Brief - Give back exactly the lines from the beginning of the listing below to the line holding "3D Iridescent abstract", both ends included; the pictures stay out.

# # #

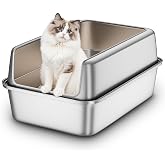 Caja de arena para gatos semicerrada totalmente met&aacute;lica (acero inoxidable, 23.6 pulgadas de largo x 15.7 pulgadas de ancho x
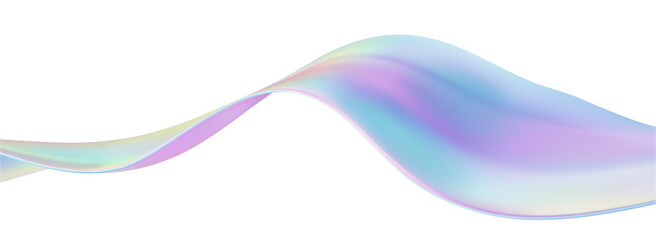3D Iridescent abstract wave liquid background with glass ribbon fluid shapes. Blue gradient holographic elements create iridescent flow and soft texture. Smooth flowing design on white background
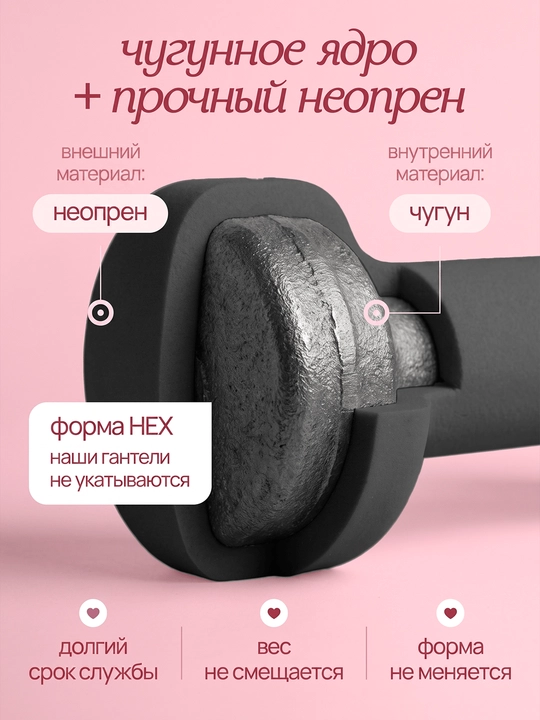 Neopren gantel, fitnes, trenirovka va uyda mashq qilish uchun sport ganteli
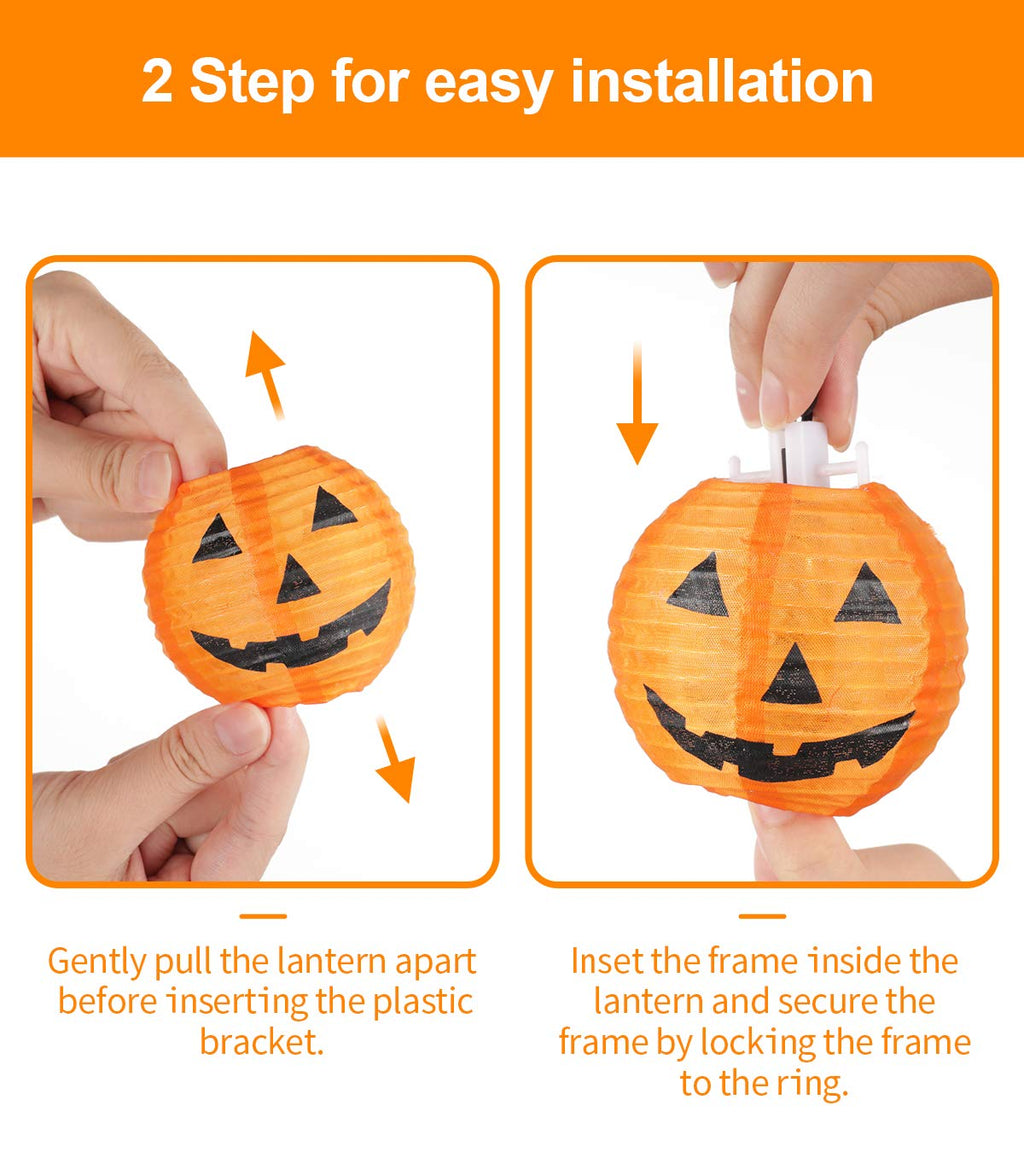 TIGOMOOV Halloween Pumpkin String Lights, Jack O Lantern Lights Plug in, 10 Orange Pumpkin Lanterns 9.83FT Connectable, Indoor Outdoor Fall Halloween Decorations for Porch Mantel Yard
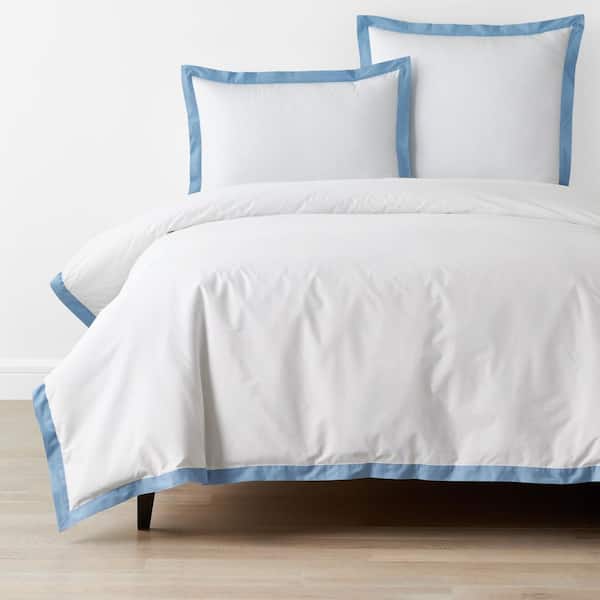 The Company Store Company Cotton Solid Border Porcelain Blue Full Cotton Percale Duvet Cover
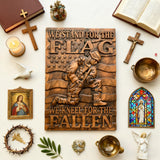 We Stand For The Flag, We Kneel For The Fallen -American soldier wood carving memorial icon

# # #

Answer below -
 Caja de arena para gatos semicerrada totalmente met&aacute;lica (acero inoxidable, 23.6 pulgadas de largo x 15.7 pulgadas de ancho x
3D Iridescent abstract wave liquid background with glass ribbon fluid shapes. Blue gradient holographic elements create iridescent flow and soft texture. Smooth flowing design on white background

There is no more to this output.